Aldir Blanc: história de “Dois Pra Lá, Dois Pra Cá” e “O Mestre Sala dos Mares”

Hoje, 02 de setembro, seria aniversário de um dos maiores compositores da história da nossa música popular brasileira: Aldir Blanc, compositor das músicas “Dois Pra Lá, Dois Pra Cá” e “O Mestre Sala dos Mares”.

Além de letrista, Aldir – que nos deixou  em maio de 2020, vítima do Coronavírus, aos 73 anos de idade, poucos meses depois de decretada a Pandemia de Covid-19 – também era cronista e médico. Ele completaria 77 anos hoje.

E, para homenagear o aniversariante do dia e seguir homenageando grandes compositores da nossa MPB – que são tão importantes e têm uma contribuição tão significativa quanto cantores, intérpretes e músicos – nós damos continuidade à série Saudando Grandes Compositores da MPB, em que contamos a história de grandes clássicos das carreiras desses artistas.

Aldir Blanc

Nascido no Rio de Janeiro, em 1946, Aldir Blanc era filho único e teve no avô materno a presença mais afetuosa em sua infância, que praticamente criou o neto na casa de Vila Isabel, bairro onde estariam tipos e cenários fundamentais para os textos e as letras do futuro letrista e cronista.

Aos 11 anos, seus avós foram morar no bairro do Estácio.
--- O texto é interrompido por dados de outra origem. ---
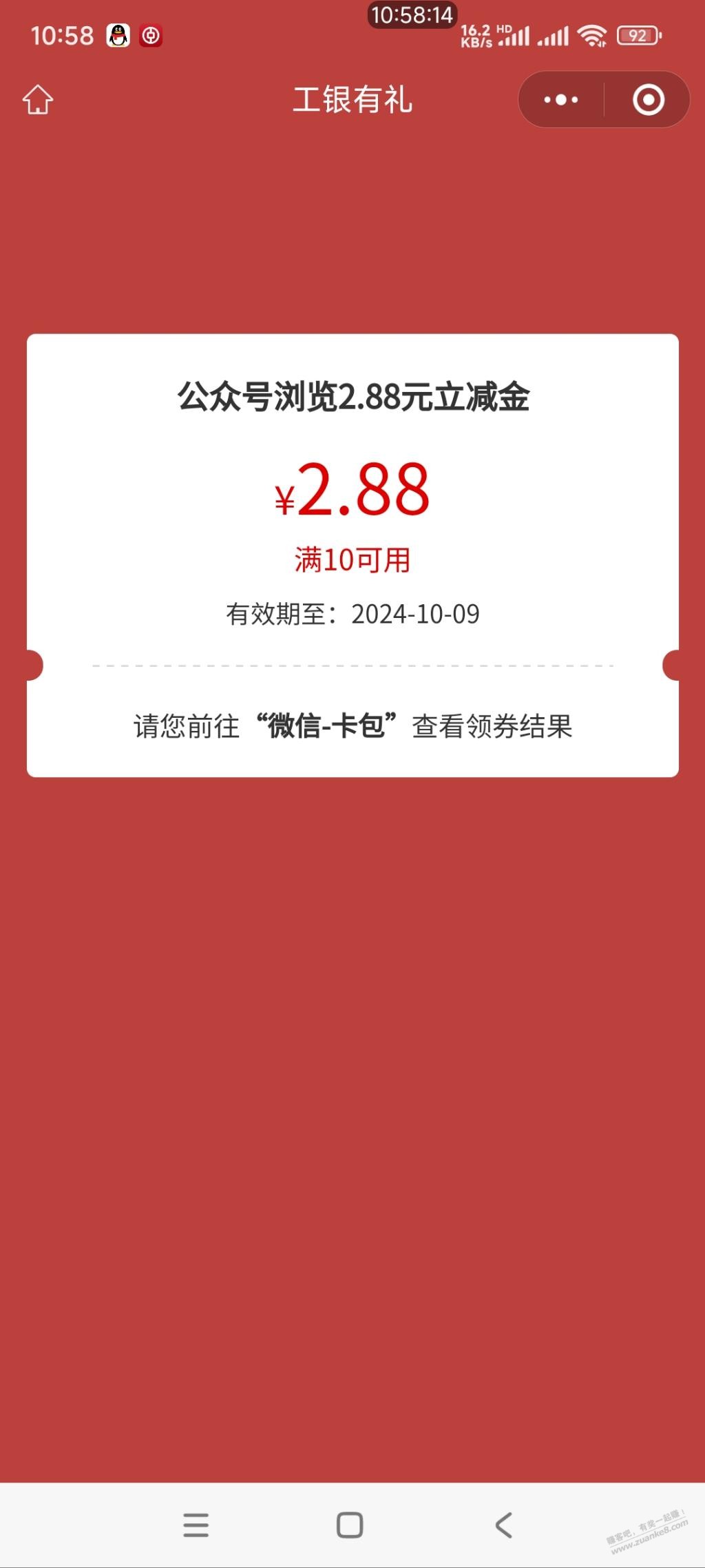 工行抽到2.88 - 线报迷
Com o passar dos anos, o contato com os malandros da área aumentou, levando-o a morar com um primo um pouco mais velho, na Tijuca, que fez com que Aldir conhecesse bailes, noitadas boêmias, mulheres, futebol, blocos de carnaval e a quadra da escola de samba Acadêmicos do Salgueiro, que se tornou sua escola do coração.
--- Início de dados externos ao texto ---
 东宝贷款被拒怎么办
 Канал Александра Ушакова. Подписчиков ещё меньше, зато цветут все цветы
Deu seus primeiros passos na música em meados da década de 1960, quando começou a compor aos 16 anos e aos 17 aprendeu a tocar bateria, fundando o grupo Rio Bossa Trio, que – com a entrada do músico Sílvio da Silva – foi rebatizado para GB-4. 

Primeiras parcerias musicais

Com Sílvio, Aldir Blanc firmou sua primeira parceria musical, sendo que uma das canções da dupla – A Noite, a Maré e o Amor – competiu no III Festival Internacional da Canção de 1968.

A partir de 1969, surgiu uma nova parceria na vida de Aldir, com César Costa Filho, compositor de quem foi colega no Movimento Artístico Universitário, que o letrista integrou ao lado de nomes como Ivan Lins e Gonzaguinha.

Dessa parceria, classificou duas canções no II Festival Universitário da Música Popular Brasileira:

  • De Esquina em Esquina, interpretada por Clara Nunes;
  • e Mirante, interpretada por Maria Creuza.

Também nesse Festival, participou com sua canção Nada Sei de Eterno, em parceria com Sílvio da Silva, defendida por Taiguara.

Em 1970, o seu primeiro grande sucesso, Amigo É pra Essas Coisas (parceria com Sílvio da Silva), chegou ao segundo lugar no III Festival Universitário de Música Popular Brasileira, da TV Tupi, na interpretação do grupo MPB-4. Ainda nesse ano, a canção Diva (parceria com César Costa Filho) entrou para o V Festival Internacional da Canção.

Aldir Blanc e João Bosco

Em 1971, por intermédio de um amigo, Aldir Blanc conheceu o então estudante de engenharia civil João Bosco. Desse encontro, surgiu uma das mais importantes parcerias da história da música brasileira.

Como o violonista, cantor e compositor mineiro ainda morava em Ouro Preto, a primeira leva de parcerias entre os dois aconteceu por correspondência, como é o caso da canção Agnus Sei, lançada como lado B de um compacto do jornal O Pasquim, em 1972, que tinha como lado A a inédita Águas de Março, de Tom Jobim.

Ainda naquele ano, a dupla mostrou algumas músicas para Elis Regina, que incluiu a canção Bala com Bala no seu LP Elis.

A partir daí, a dupla tornou-se conhecida nacionalmente e a cantora tornou-se uma das principais intérpretes dos dois autores, tendo gravado 20 músicas da parceria, além de ter o privilégio de sempre escutar antes, com exclusividade, a produção de Aldir Blanc e João Bosco, para escolher o que queria lançar.

A carreira na medicina

Aqui cabe um parênteses: aluno exemplar em biologia, Aldir havia ingressado na Escola de Medicina e Cirurgia do Rio de Janeiro em 1965, de onde saiu em 1971 com especialização em Psiquiatria.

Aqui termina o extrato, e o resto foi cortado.